# Required action
Your task is to reproduce exactly the lines from the one containing "ロゴス LOGOS ハイパー氷点下クーラー" through the last line below, both ends included, and nothing else, with no pictures.

# Data segment
-- -- --
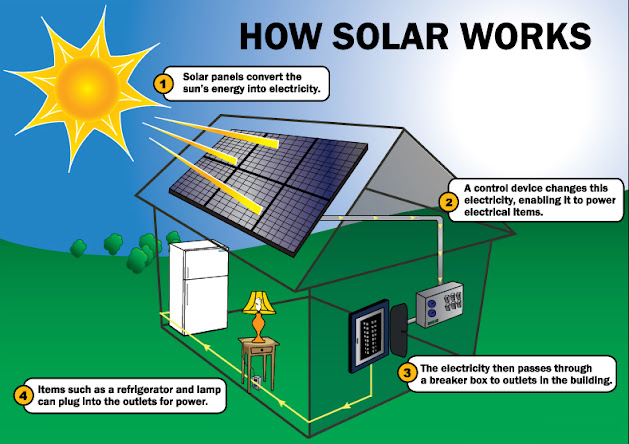 How do solar panels work How do solar panels work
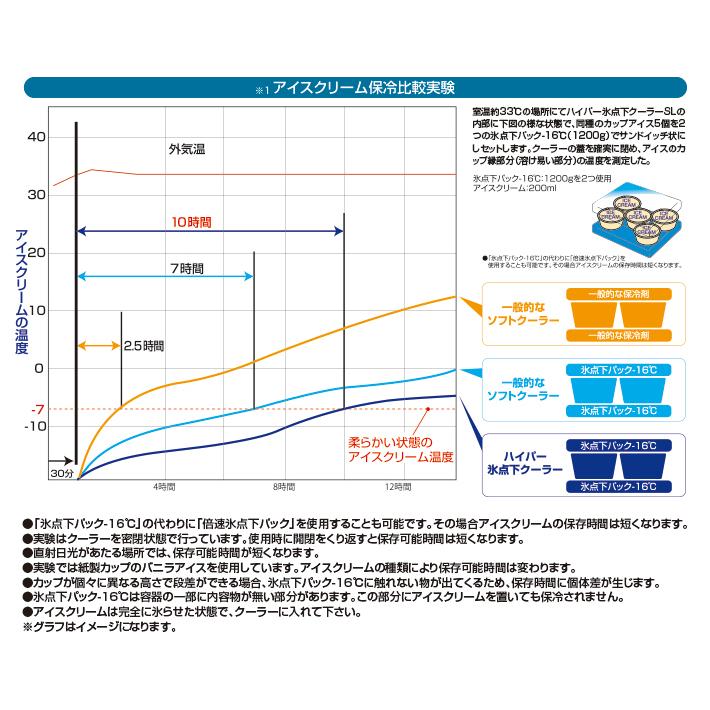 ロゴス LOGOS ハイパー氷点下クーラー SL 30l クーラーボックス 小型 部活 クーラーバッグ コンパクト 広げて 大容量 保冷 保温 フィッシング 釣り ピクニック｜s-martceleble｜05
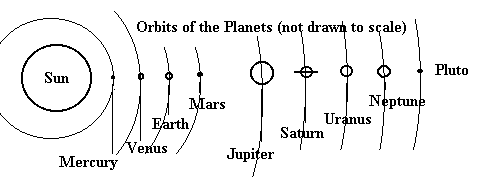 Solar System Line Drawing at PaintingValley.com | Explore collection of ...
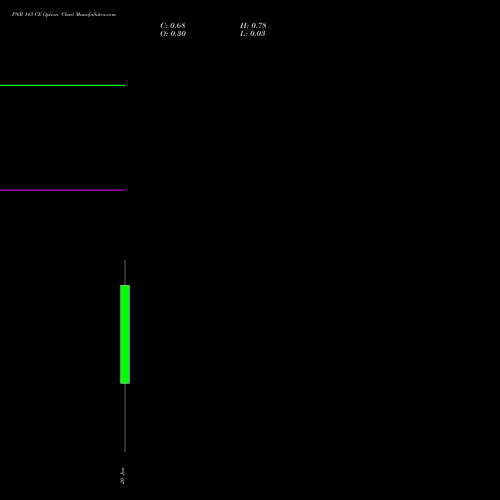 PNB 143 CE (CALL) 24 February 2026 options price chart analysis Punjab National Bank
-- -- --
# Written answer
 ロゴス LOGOS ハイパー氷点下クーラー SL 30l クーラーボックス 小型 部活 クーラーバッグ コンパクト 広げて 大容量 保冷 保温 フィッシング 釣り ピクニック｜s-martceleble｜05
 Solar System Line Drawing at PaintingValley.com | Explore collection of ...
 PNB 143 CE (CALL) 24 February 2026 options price chart analysis Punjab National Bank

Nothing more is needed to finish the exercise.